◆ Task objective: Please output the entries that follow exactly, without a single image.

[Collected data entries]
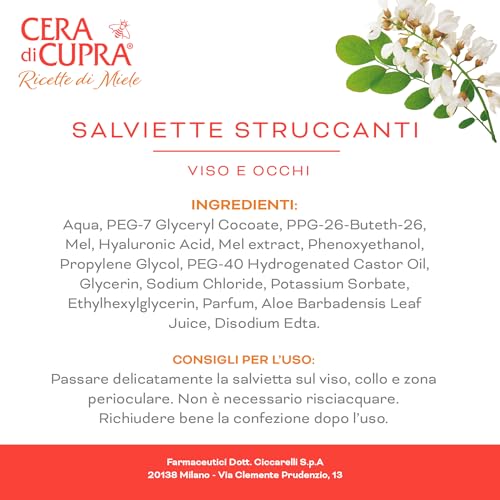 Cera di Cupra Ricetta di Bellezza Salviette Struccanti per Viso e Occhi, 20 Pezzi
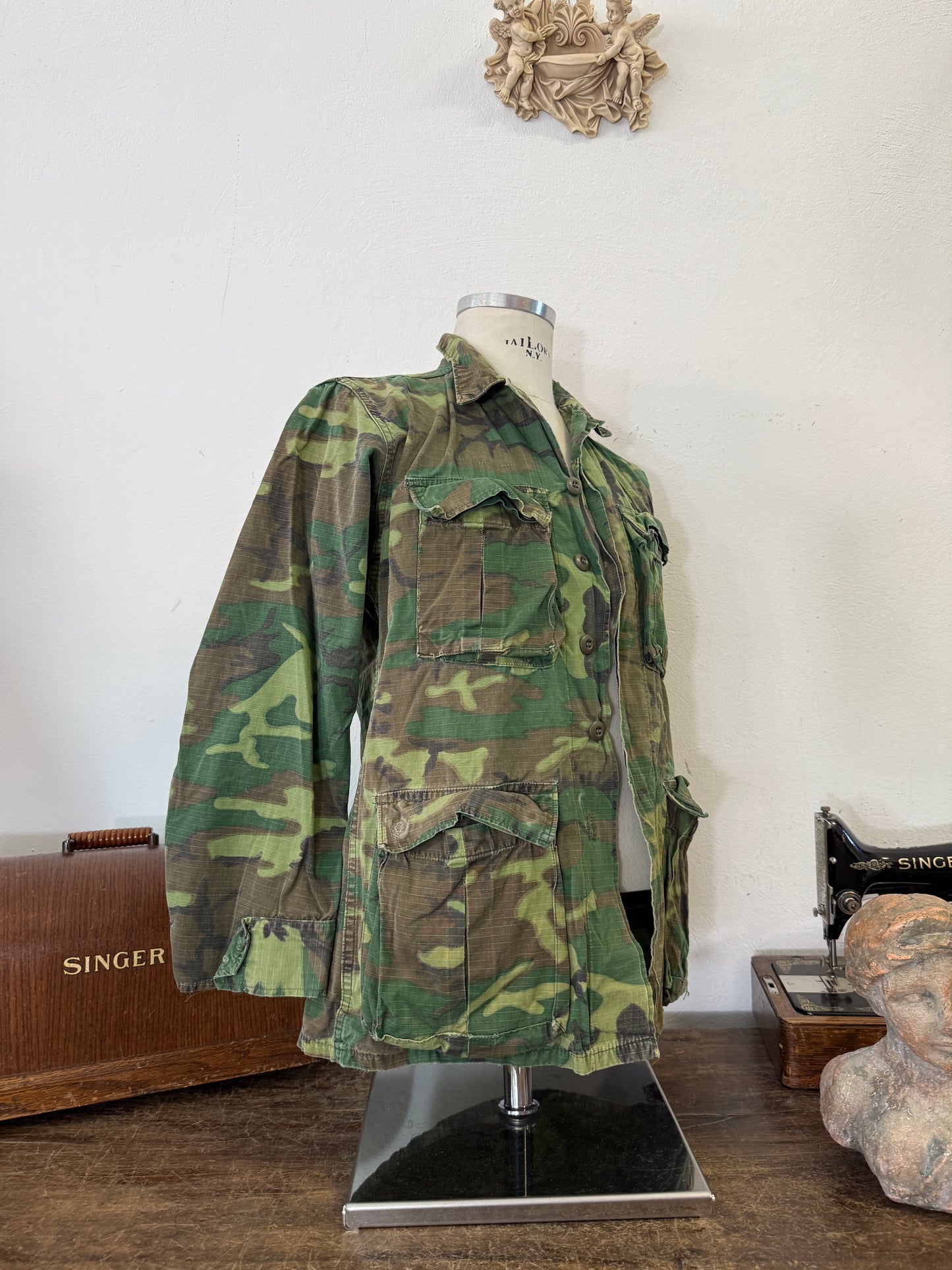 Vintage 1970-80s ERDL Camouflage Pattern Hot Weather Jacket Ripstop “S”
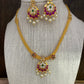 Red Green Stone and Pearls Short Necklace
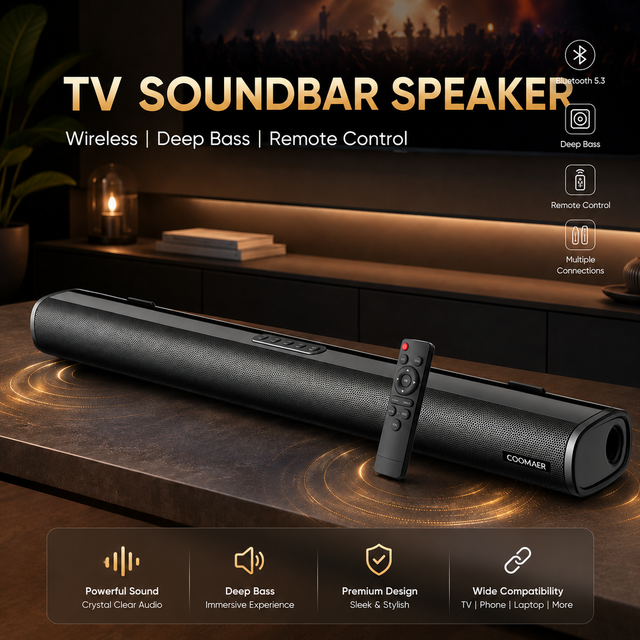 Advanced Wireless Blue Tooth Sound Bar for Tv With Integrated Led Display and Adapter Superior Home Theater Audio Quality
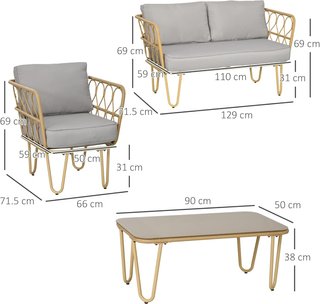Conjunto de Jardín de Rattan de 4 Piezas con Sofá de 2 Plazas, 2 Sillones y Mesa con Tapa de Cristal Estilo Boho, Cojines Desfundables, Amarillo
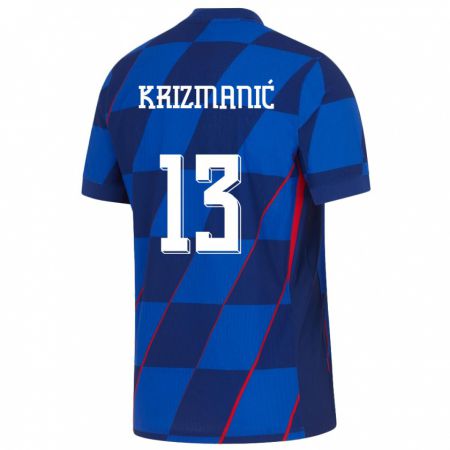 Kandiny Férfi Horvátország Kresimir Krizmanic #13 Kék Idegenbeli Jersey 24-26 Mez Póló Ing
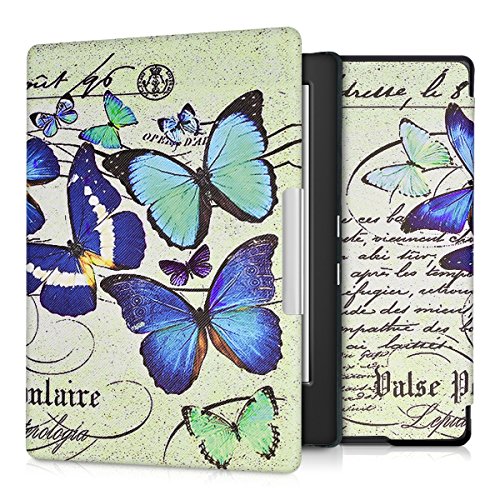 kwmobile Case Compatible with Kobo Aura H2O Edition 1 - PU e-Reader Cover - Vintage Butterflies Blue/Mint/Beige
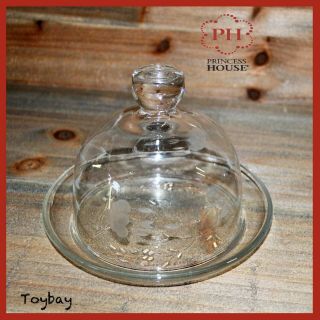 Princess House Heritage Crystal Round Dome Covered Butter Dish Cheese Dish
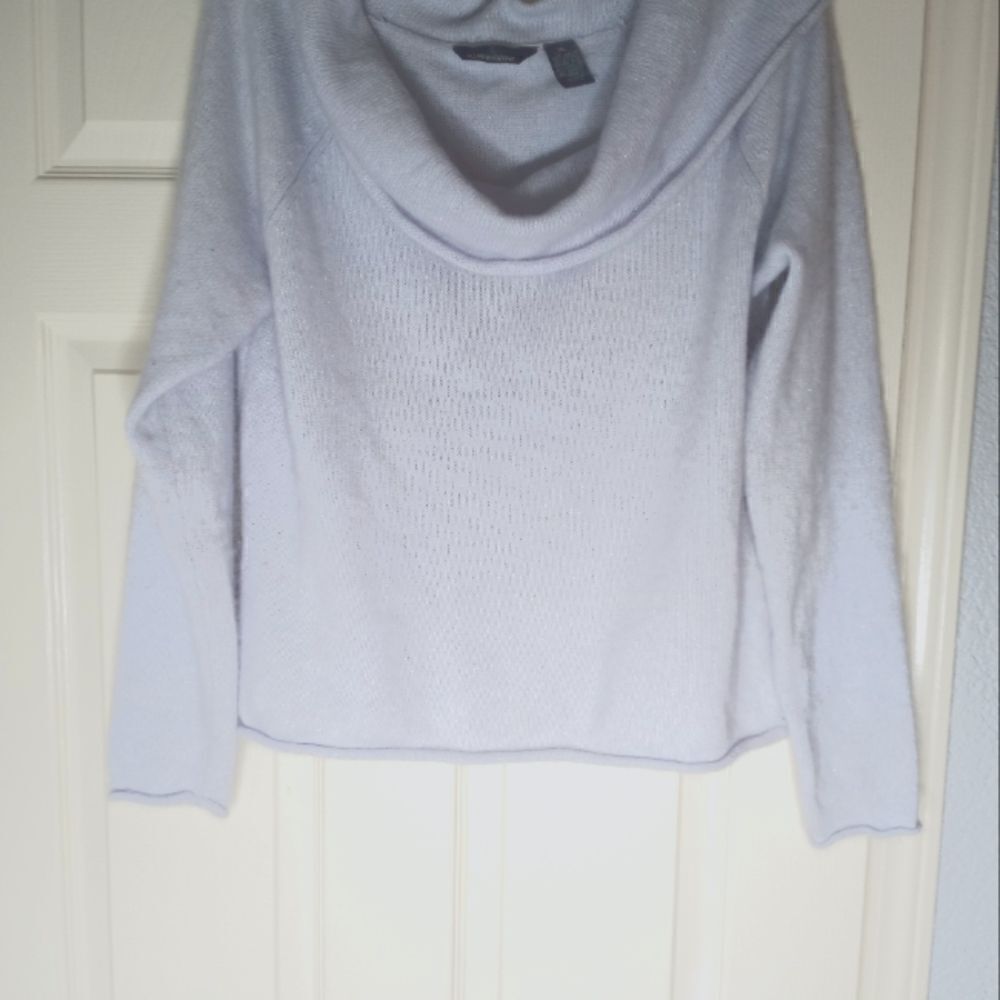 Hillard Hanson XL Blue AngoraWool Blend RaglanLslv Knit CowlNeck WomenTopSweater - Picture 2 of 10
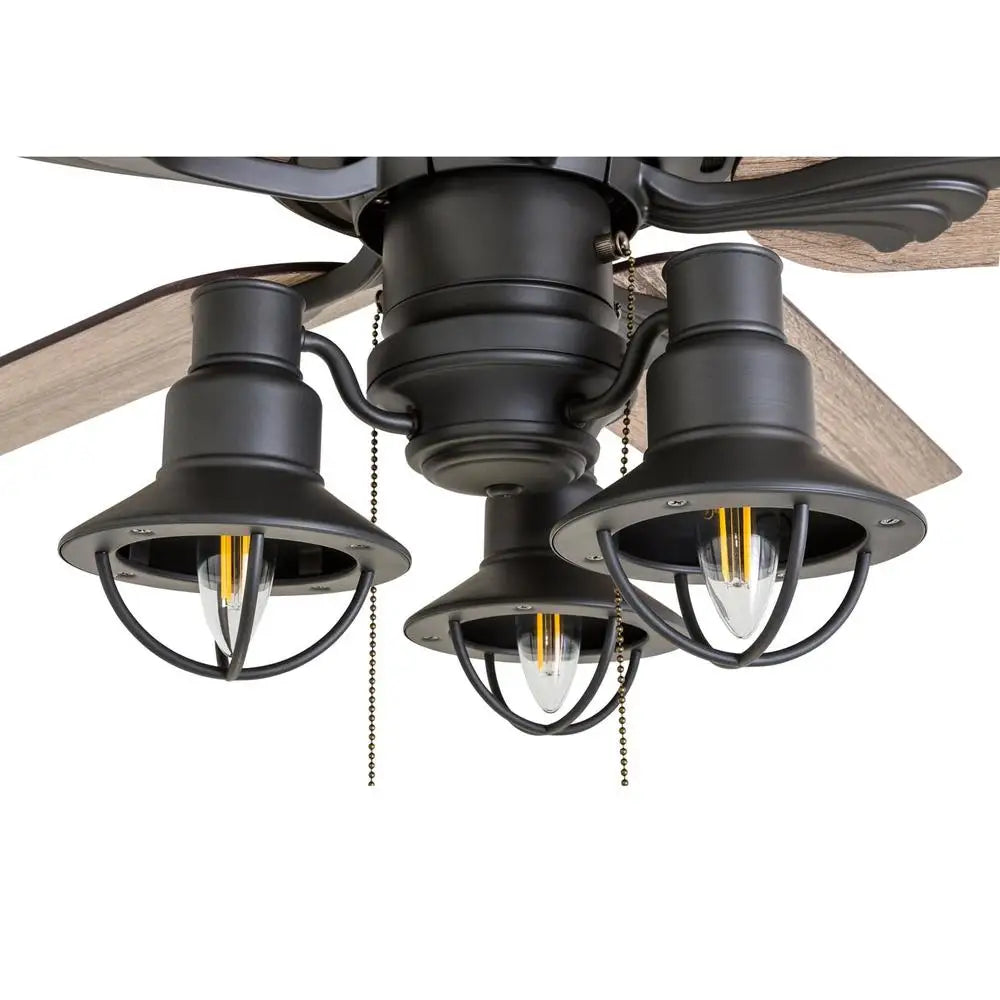Indoor Ceiling Fan 52 Inch Aged Bronze Multi Arm Barnwood Blades LED Light Quiet Reversible Motor Remote Control Suitable Living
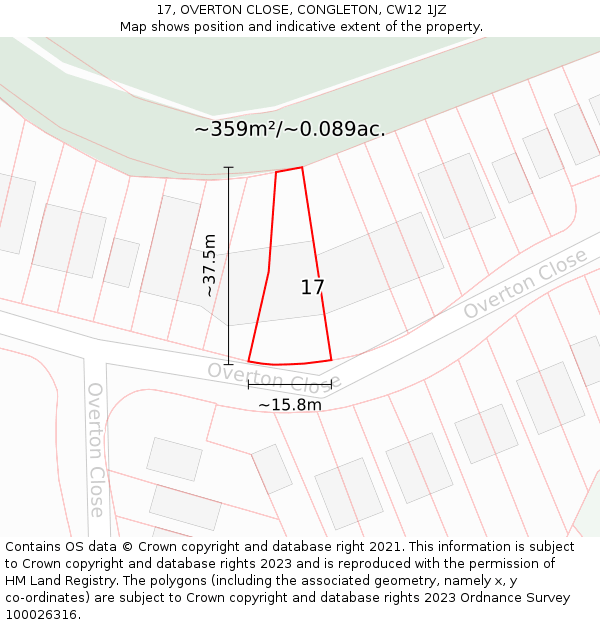 17, OVERTON CLOSE, CONGLETON, CW12 1JZ: Plot and title map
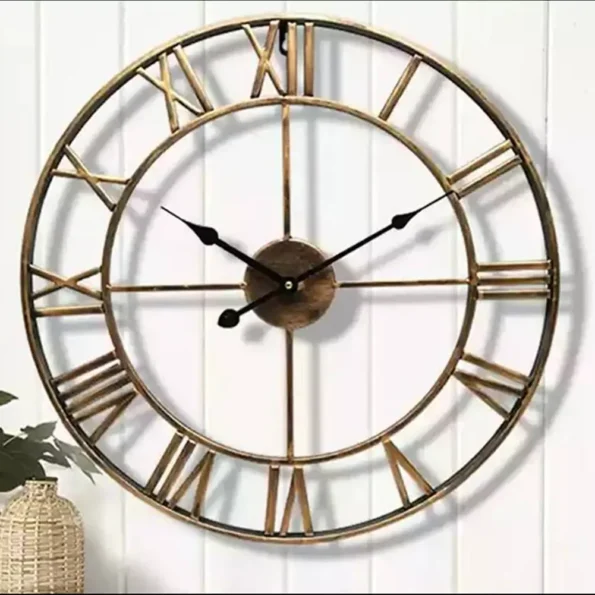 Modern 3D Large Wall Clock with Roman Numerals - Retro Metal Silent Nordic Ornament - Image 3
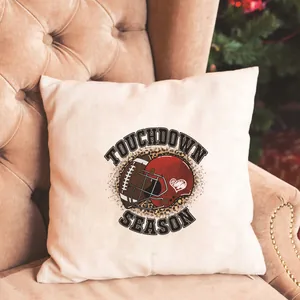 Texture détaillée du coussin en coton et lin avec design de football américain Touchdown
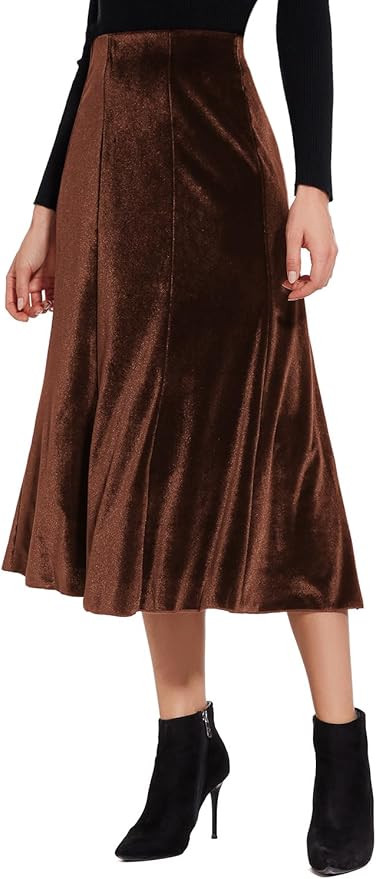 Velvet Midi Skirt | Amazon (US)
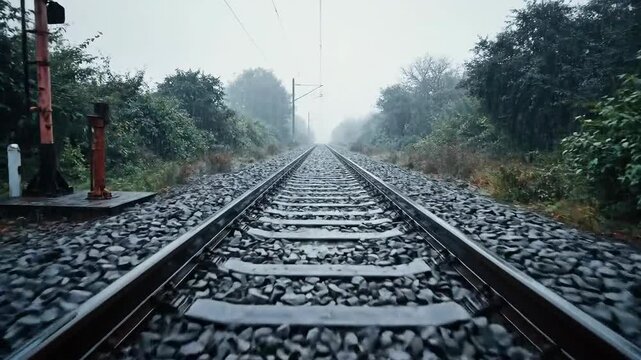 Mysterious Tracks Leading Into The Distance Through Lush Greenery and Overcast Moody Atmosphere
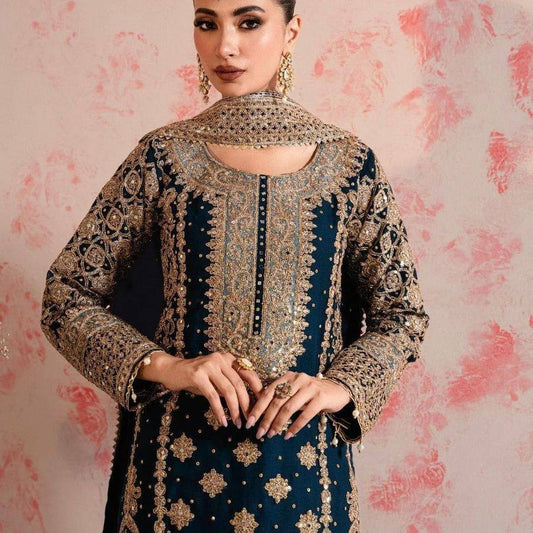 PREMIUM FAUX GEORGETTE EMBROIDERED SET WITH SEQUIN & LACE BORDER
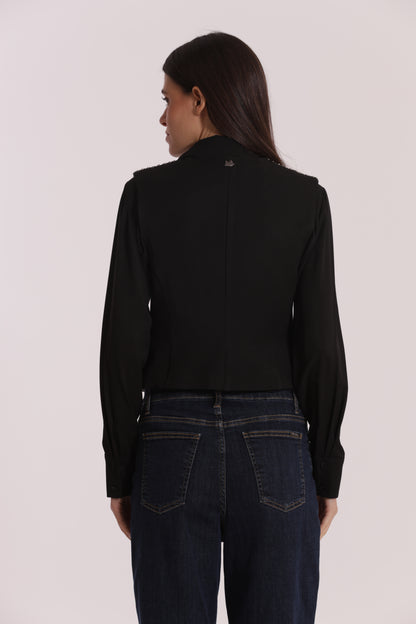 GILET CON PASSAMANERIA RICAMATA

◆ Exercise answer:
 Cera di Cupra Ricetta di Bellezza Salviette Struccanti per Viso e Occhi, 20 Pezzi
 Vintage 1970-80s ERDL Camouflage Pattern Hot Weather Jacket Ripstop “S”
 Red Green Stone and Pearls Short Necklace
 Advanced Wireless Blue Tooth Sound Bar for Tv With Integrated Led Display and Adapter Superior Home Theater Audio Quality
Conjunto de Jardín de Rattan de 4 Piezas con Sofá de 2 Plazas, 2 Sillones y Mesa con Tapa de Cristal Estilo Boho, Cojines Desfundables, Amarillo
 Kandiny Férfi Horvátország Kresimir Krizmanic #13 Kék Idegenbeli Jersey 24-26 Mez Póló Ing
 kwmobile Case Compatible with Kobo Aura H2O Edition 1 - PU e-Reader Cover - Vintage Butterflies Blue/Mint/Beige
 Princess House Heritage Crystal Round Dome Covered Butter Dish Cheese Dish
 Hillard Hanson XL Blue AngoraWool Blend RaglanLslv Knit CowlNeck WomenTopSweater - Picture 2 of 10
Indoor Ceiling Fan 52 Inch Aged Bronze Multi Arm Barnwood Blades LED Light Quiet Reversible Motor Remote Control Suitable Living
 17, OVERTON CLOSE, CONGLETON, CW12 1JZ: Plot and title map
 Modern 3D Large Wall Clock with Roman Numerals - Retro Metal Silent Nordic Ornament - Image 3
 Texture détaillée du coussin en coton et lin avec design de football américain Touchdown
 Velvet Midi Skirt | Amazon (US)
 Mysterious Tracks Leading Into The Distance Through Lush Greenery and Overcast Moody Atmosphere
 PREMIUM FAUX GEORGETTE EMBROIDERED SET WITH SEQUIN & LACE BORDER
 GILET CON PASSAMANERIA RICAMATA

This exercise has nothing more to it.